Kabar24.com, JAKARTA - Pemerintah harus memperhatikan standar dan kewajiban untuk melindungi hak asasi manusia dalam melakukan revisi UU No. 15/2003 tentang Pemberantasan Tindak Pidana Terorisme.
Wahyu Wagiman, Direktur Eksekutif Lembaga Studi dan Advokasi Masyarakat (Elsam), mengatakan revisi UU Pemberantasan Tindak Pidana Terorisme seharusnya dilakukan untuk menyelaraskan dengan prinsip hak asasi manusia.

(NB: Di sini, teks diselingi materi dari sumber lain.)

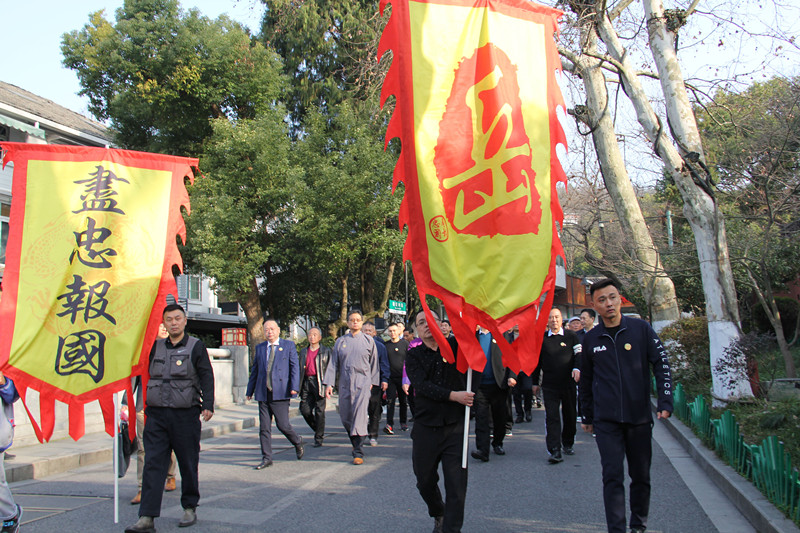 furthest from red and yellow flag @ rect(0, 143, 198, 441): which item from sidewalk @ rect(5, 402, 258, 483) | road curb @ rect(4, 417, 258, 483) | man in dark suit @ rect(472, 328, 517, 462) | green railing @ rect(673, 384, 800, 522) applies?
green railing @ rect(673, 384, 800, 522)

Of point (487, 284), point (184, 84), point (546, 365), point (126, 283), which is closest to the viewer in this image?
point (487, 284)

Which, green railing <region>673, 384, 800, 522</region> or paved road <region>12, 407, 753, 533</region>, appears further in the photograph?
paved road <region>12, 407, 753, 533</region>

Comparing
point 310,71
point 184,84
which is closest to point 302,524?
point 184,84

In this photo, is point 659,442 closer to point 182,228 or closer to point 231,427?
point 182,228

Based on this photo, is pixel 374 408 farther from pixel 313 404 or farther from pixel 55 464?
pixel 55 464

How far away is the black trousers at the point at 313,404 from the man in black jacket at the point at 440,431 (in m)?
5.08

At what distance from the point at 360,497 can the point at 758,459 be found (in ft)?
11.8

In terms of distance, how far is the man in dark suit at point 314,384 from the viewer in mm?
9711

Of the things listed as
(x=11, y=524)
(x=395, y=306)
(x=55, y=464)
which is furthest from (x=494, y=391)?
(x=395, y=306)

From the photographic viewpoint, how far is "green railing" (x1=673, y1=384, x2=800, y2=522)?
4.69 metres

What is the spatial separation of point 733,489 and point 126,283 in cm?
564

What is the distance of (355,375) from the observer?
9.10m

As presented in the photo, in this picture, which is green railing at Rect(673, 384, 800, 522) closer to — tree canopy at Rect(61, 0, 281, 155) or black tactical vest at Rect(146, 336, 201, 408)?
black tactical vest at Rect(146, 336, 201, 408)

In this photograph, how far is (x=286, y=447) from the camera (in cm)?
1013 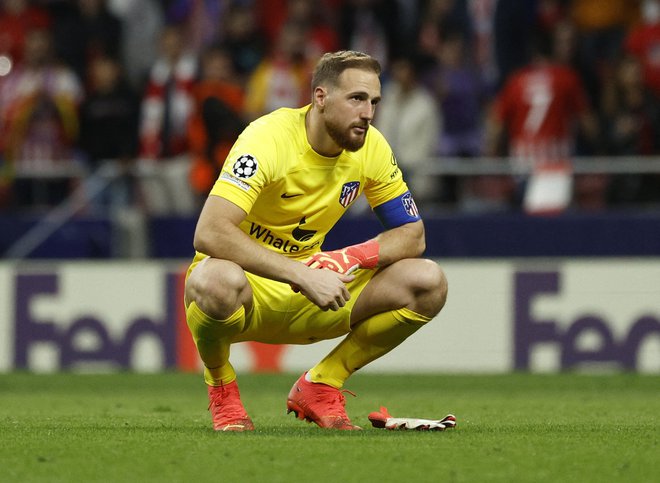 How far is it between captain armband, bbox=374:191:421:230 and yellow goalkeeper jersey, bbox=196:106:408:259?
3 centimetres

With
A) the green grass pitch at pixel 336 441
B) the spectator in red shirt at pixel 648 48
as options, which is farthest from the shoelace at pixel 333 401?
the spectator in red shirt at pixel 648 48

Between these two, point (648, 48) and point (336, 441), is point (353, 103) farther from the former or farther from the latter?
point (648, 48)

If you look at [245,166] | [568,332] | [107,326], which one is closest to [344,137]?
[245,166]

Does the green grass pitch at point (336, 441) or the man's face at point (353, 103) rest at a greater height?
the man's face at point (353, 103)

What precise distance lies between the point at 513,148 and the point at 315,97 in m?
6.76

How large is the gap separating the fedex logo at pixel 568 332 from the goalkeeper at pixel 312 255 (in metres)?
5.52

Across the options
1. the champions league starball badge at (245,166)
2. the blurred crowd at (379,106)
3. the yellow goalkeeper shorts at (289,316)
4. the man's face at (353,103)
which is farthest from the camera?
the blurred crowd at (379,106)

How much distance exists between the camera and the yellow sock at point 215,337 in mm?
6425

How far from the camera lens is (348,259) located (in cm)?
667

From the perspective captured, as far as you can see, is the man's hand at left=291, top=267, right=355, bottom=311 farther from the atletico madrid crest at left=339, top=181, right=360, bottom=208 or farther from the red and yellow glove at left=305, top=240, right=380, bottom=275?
the atletico madrid crest at left=339, top=181, right=360, bottom=208

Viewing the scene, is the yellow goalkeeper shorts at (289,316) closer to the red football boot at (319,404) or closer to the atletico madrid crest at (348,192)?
the red football boot at (319,404)

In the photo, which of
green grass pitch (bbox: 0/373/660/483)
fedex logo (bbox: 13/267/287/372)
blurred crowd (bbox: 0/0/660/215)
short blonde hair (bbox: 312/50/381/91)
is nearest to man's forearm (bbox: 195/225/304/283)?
green grass pitch (bbox: 0/373/660/483)

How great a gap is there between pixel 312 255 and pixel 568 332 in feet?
19.3

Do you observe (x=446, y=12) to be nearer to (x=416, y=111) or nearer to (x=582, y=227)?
(x=416, y=111) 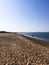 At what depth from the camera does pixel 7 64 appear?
711 centimetres

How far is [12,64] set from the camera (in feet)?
23.7

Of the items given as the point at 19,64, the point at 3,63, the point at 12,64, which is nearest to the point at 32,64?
the point at 19,64

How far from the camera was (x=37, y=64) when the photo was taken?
7.42 meters

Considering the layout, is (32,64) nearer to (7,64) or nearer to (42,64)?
(42,64)

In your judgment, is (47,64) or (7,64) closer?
(7,64)

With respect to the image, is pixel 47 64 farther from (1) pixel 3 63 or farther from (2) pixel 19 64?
(1) pixel 3 63

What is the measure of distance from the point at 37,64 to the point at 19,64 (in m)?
1.22

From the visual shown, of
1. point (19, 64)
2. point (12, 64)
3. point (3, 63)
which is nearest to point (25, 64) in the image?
point (19, 64)

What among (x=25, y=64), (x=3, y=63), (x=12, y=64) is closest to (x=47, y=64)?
(x=25, y=64)

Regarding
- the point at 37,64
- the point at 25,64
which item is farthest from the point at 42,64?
the point at 25,64

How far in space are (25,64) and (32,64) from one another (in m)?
0.48

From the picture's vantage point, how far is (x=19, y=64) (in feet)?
24.0

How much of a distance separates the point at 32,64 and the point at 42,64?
0.71 metres

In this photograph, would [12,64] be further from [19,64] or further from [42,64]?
[42,64] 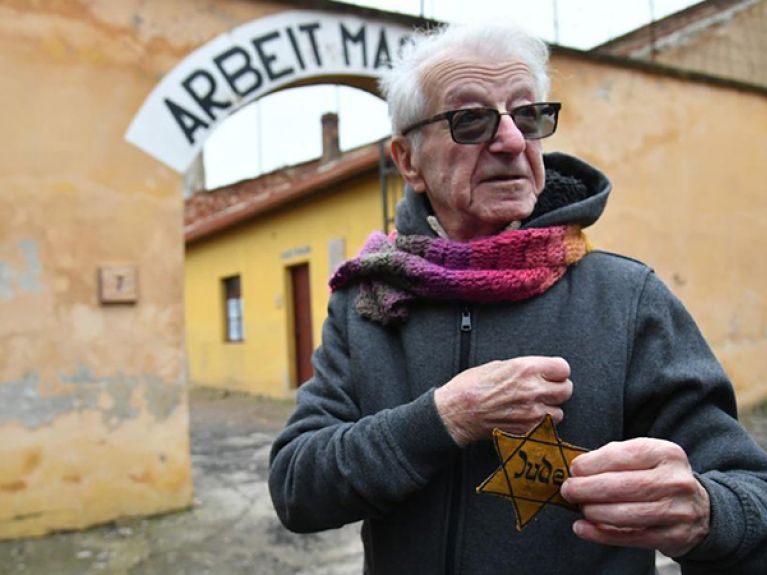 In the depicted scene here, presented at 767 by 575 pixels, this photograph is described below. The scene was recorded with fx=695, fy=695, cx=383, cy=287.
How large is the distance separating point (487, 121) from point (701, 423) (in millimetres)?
653

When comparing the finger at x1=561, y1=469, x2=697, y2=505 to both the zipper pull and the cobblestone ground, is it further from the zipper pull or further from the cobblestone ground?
the cobblestone ground

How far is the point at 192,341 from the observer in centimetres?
1533

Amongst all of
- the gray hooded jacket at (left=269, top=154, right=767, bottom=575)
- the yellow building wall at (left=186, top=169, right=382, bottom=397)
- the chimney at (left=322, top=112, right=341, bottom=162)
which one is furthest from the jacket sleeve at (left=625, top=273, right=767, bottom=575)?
the chimney at (left=322, top=112, right=341, bottom=162)

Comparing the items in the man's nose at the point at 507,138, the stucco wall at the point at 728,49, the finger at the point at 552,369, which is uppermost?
the stucco wall at the point at 728,49

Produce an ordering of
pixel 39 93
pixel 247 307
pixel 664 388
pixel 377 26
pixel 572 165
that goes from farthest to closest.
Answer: pixel 247 307 < pixel 377 26 < pixel 39 93 < pixel 572 165 < pixel 664 388

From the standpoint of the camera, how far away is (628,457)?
3.02ft

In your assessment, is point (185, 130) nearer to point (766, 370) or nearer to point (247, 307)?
point (766, 370)

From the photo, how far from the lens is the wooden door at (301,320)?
38.6ft

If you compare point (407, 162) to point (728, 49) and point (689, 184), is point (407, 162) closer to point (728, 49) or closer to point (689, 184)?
point (689, 184)

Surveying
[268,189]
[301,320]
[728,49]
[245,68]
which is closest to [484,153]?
[245,68]

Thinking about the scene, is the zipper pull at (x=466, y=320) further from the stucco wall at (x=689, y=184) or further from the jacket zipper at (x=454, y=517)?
the stucco wall at (x=689, y=184)

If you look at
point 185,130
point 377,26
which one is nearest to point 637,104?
point 377,26

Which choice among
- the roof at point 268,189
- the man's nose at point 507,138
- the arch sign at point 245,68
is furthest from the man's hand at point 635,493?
the roof at point 268,189

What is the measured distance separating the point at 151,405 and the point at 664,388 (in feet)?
13.8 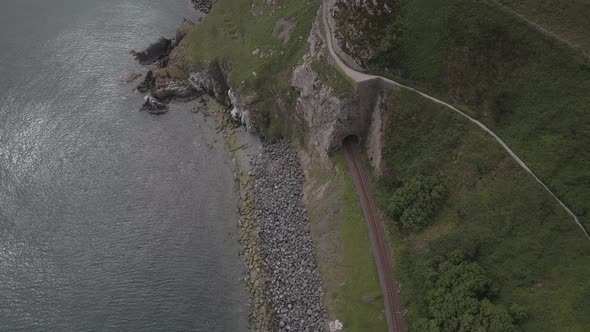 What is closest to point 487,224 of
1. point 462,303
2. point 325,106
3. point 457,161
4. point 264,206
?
point 457,161

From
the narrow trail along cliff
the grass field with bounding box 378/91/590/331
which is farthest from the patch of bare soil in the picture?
the grass field with bounding box 378/91/590/331

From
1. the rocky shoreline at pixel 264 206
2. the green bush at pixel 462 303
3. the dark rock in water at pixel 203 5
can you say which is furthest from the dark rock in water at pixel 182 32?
the green bush at pixel 462 303

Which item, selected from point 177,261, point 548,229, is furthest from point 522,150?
point 177,261

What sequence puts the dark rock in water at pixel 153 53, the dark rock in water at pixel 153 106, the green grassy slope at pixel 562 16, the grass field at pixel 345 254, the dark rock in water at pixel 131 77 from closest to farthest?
the green grassy slope at pixel 562 16, the grass field at pixel 345 254, the dark rock in water at pixel 153 106, the dark rock in water at pixel 131 77, the dark rock in water at pixel 153 53

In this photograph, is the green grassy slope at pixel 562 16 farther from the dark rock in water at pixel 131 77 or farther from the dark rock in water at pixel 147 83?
the dark rock in water at pixel 131 77

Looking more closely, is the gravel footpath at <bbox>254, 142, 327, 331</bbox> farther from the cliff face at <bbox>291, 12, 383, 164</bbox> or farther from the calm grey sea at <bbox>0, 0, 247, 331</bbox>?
the cliff face at <bbox>291, 12, 383, 164</bbox>

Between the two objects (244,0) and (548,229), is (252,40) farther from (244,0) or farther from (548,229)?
(548,229)

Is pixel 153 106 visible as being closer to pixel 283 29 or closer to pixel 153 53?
pixel 153 53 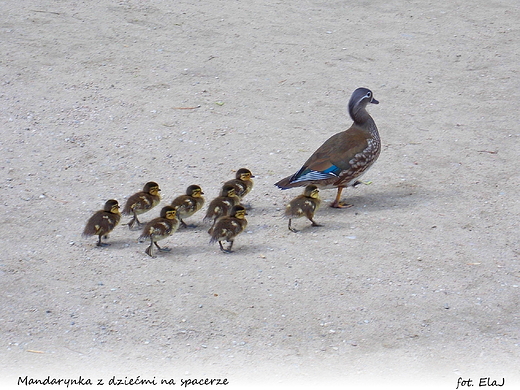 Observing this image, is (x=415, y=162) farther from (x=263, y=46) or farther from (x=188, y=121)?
(x=263, y=46)

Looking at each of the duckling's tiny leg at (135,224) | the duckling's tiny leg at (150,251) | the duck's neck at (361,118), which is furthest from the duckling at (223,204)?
the duck's neck at (361,118)

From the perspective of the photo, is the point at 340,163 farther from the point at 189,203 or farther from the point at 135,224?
the point at 135,224

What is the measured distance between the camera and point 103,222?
631 centimetres

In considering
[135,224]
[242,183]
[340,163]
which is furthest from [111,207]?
[340,163]

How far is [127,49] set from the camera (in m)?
10.7

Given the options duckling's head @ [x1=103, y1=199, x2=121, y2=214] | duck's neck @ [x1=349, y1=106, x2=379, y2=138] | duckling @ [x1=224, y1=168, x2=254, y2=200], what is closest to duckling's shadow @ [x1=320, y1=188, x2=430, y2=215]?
duck's neck @ [x1=349, y1=106, x2=379, y2=138]

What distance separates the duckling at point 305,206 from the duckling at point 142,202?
47.4 inches

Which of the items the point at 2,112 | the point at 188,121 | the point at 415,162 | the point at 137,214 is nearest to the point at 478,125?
the point at 415,162

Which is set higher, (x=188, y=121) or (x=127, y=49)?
(x=127, y=49)

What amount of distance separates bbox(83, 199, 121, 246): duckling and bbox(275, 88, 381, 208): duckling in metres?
1.60

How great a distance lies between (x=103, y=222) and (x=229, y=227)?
105 centimetres

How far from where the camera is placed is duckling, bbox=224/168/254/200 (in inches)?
278

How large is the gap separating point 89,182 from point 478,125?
4520 mm

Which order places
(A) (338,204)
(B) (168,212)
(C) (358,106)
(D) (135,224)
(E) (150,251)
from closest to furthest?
(E) (150,251) < (B) (168,212) < (D) (135,224) < (A) (338,204) < (C) (358,106) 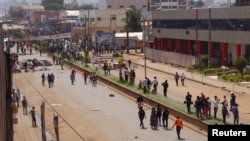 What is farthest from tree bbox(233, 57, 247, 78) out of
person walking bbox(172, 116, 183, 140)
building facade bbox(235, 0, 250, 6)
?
person walking bbox(172, 116, 183, 140)

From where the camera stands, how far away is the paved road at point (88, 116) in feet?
85.3

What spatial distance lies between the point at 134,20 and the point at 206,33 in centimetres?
4318

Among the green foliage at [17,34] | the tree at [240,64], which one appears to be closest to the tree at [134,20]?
the green foliage at [17,34]

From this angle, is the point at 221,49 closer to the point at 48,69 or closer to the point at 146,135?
the point at 48,69

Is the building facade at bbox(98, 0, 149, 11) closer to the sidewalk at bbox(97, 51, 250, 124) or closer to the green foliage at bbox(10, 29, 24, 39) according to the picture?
the green foliage at bbox(10, 29, 24, 39)

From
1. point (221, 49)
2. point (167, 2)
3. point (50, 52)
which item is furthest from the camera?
point (167, 2)

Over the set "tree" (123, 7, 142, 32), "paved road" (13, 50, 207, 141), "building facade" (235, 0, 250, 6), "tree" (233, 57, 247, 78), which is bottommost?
"paved road" (13, 50, 207, 141)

Pasalnya, UU yang berlaku saat ini sudah cukup efektif dalam menangkal aksi terorisme.
"Antar-instansi pemerintah cukup melakukan penguatan fungsi koordinasi, baik dari fungsi pencegahan, deteksi dini, penindakan, penegakan hukum, dan rehabilitasi, sehingga terintegrasi," kata Wahyu, Selasa (2/2/2016).
Wahyu menuturkan revisi UU No. 15/2003 juga harus menjamin hak atas rasa aman setiap warga negara dengan melakukan optimalisasi terhadap seluruh perangkat dan sumber daya yang dimiliki, tanpa mengabaikan kewajiban untuk melindungi hak asasi manusia.
Menurutnya, pihaknya menolak seluruh usulan yang terkait dengan penambahan kewenangan penangkapan, penahanan dan deteksi dini yang tidak sejalan dengan prinsip hak asasi manusia.
Dia juga menyebutkan berdasarkan laporan Pelapor Khusus PBB Untuk Counter Terrorism Martin Scheinin pada 2009 diketahui perluasan deteksi dini atas nama pemberantasan terorisme secara sistematik menimbulkan efek samping, seperti ketakutan, terancamnya hak untuk berserikat, dan berpotensi memunculkan pelanggaran terhadap fair trial.
Saat itu, lanjut Wahyu, Scheinin menekankan prinsip campur tangan yang minimal, penggunaan data pribadi yang terbatas, pengawasan dan pengaturan terhadap akses data pribadi, keterbukaan dan kejujuran, serta moderenisasi secara efektif dalam pembentukan regulasi pemberantasan tindak pidana terorisme.